Nella sua nota stampa, Vallone ricorda le parole del presidente della Repubblica, Sergio Mattarella, secondo cui “sorprende sentir dire, ancora oggi, da qualche parte, che il fascismo ebbe alcuni meriti, ma fece due gravi errori: le leggi razziali e l’entrata in guerra. Si tratta di un’affermazione gravemente sbagliata e inaccettabile, da respingere con determinazione. Perché razzismo e guerra non furono deviazioni o episodi rispetto al suo modo di pensare, ma diretta e inevitabile conseguenza. Volontà di dominio e di conquista, esaltazione della violenza, retorica bellicistica, sopraffazione e autoritarismo, supremazia razziale, intervento in guerra contro uno schieramento che sembrava prossimo alla sconfitta, furono diverse facce dello stesso prisma”.

A questo punto il comitato provinciale dell’Anpi si chiede se il comune di Catanzaro guidato da Forza Italia condivida “le parole del capo dello Stato oppure per squallidi calcoli politici si passa sopra dando spazio a formazioni politiche di estrema destra e ai loro dirigenti”. Nessun commento dal sindaco Sergio Abramo. A parlare è stato invece l’assessore alla Cultura, Ivan Cardamone, esponente del partito di Silvio Berlusconi, che minimizza tutto.  “Questi signori partecipano alla competizione elettorale. Noi abbiamo fatto una delibera per garantire gli spazi ai partiti che si candidano alle politiche. Qui non si tratta di aver preferito nessuno ma di riconoscere un diritto che deve essere garantito ai partiti di sinistra e di destra. Non voglio difendere nessuno ma è una cosa comune che questi movimenti trovano scandaloso concedere una sala a un partito”.

Ma proprio nel giorno della memoria a chi ha sempre negato la biblioteca comunale? “A noi è arrivata la richiesta di Casapound così come poteva farla anche un partito di centrosinistra.
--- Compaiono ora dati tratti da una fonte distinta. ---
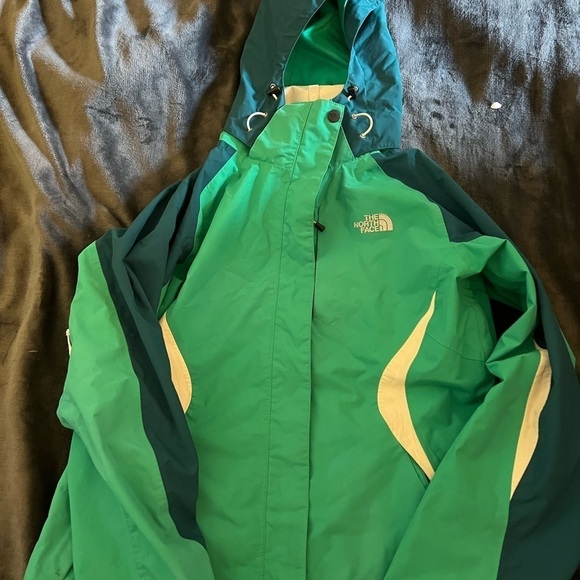 The NorthFace Women's Ski HyVent Jacket. - Picture 9 of 14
Sarà stata una casualità. Se poi c’è stata una volontà di Casapound di organizzare l’incontro nella biblioteca proprio sabato non glielo so dire. Devo pensare a una serie di coincidenze ma il Comune deve essere esente dal meccanismo di voler agevolare qualcuno. Poteva essere anche l’Anpi a chiedere la sala e l’avremmo concessa”.